**Dataset extract:**
◆ ◆ ◆

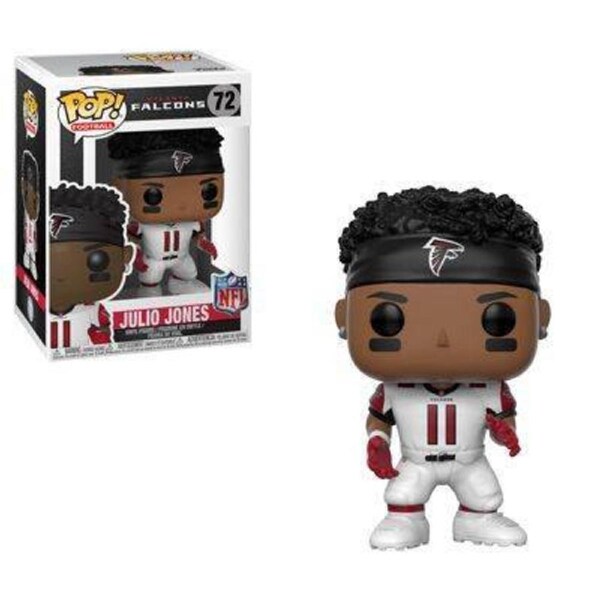 Pop! Funko 10cm Figurine NFL Falcons Julio Jones #72 Collectable Vinyl Toy 3y+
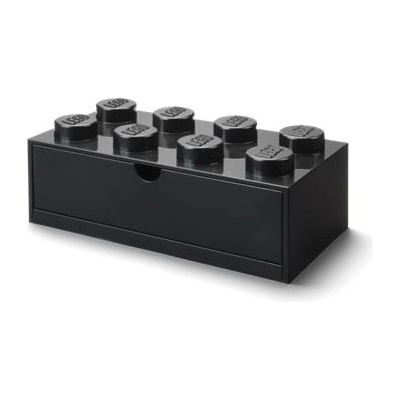 LEGO Кутия за съхранение за бюро, с чекмеджета, LEGO "Brick 4x2", черна 40211733 (40211733)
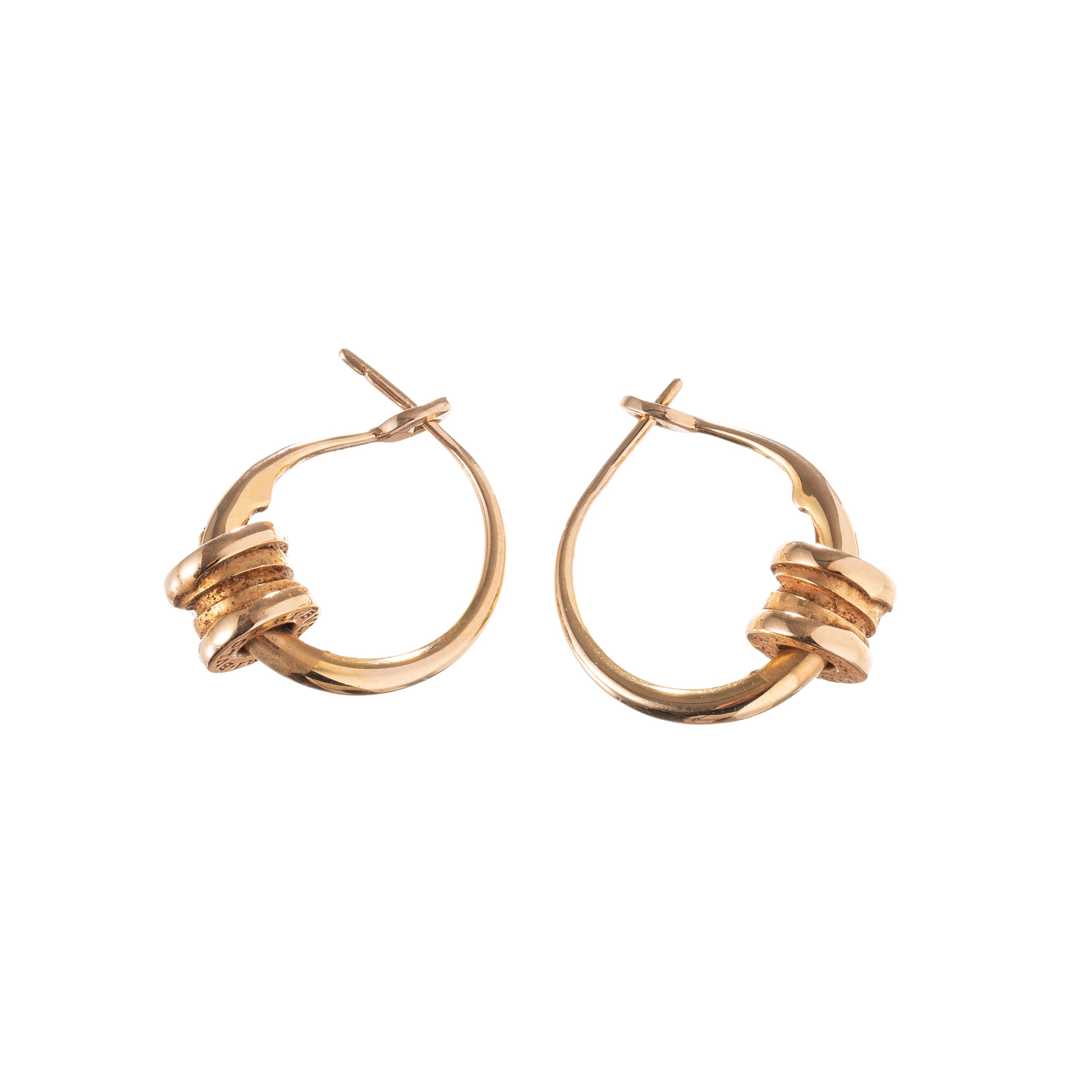 Bulgari - Orecchini in oro rosa 18 kt con pendente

◆ ◆ ◆

**Task prompt:** I would like the data copied exactly as it stands, with no pictures included.

**Output for this task:**
 Pop! Funko 10cm Figurine NFL Falcons Julio Jones #72 Collectable Vinyl Toy 3y+
 LEGO Кутия за съхранение за бюро, с чекмеджета, LEGO "Brick 4x2", черна 40211733 (40211733)
 Bulgari - Orecchini in oro rosa 18 kt con pendente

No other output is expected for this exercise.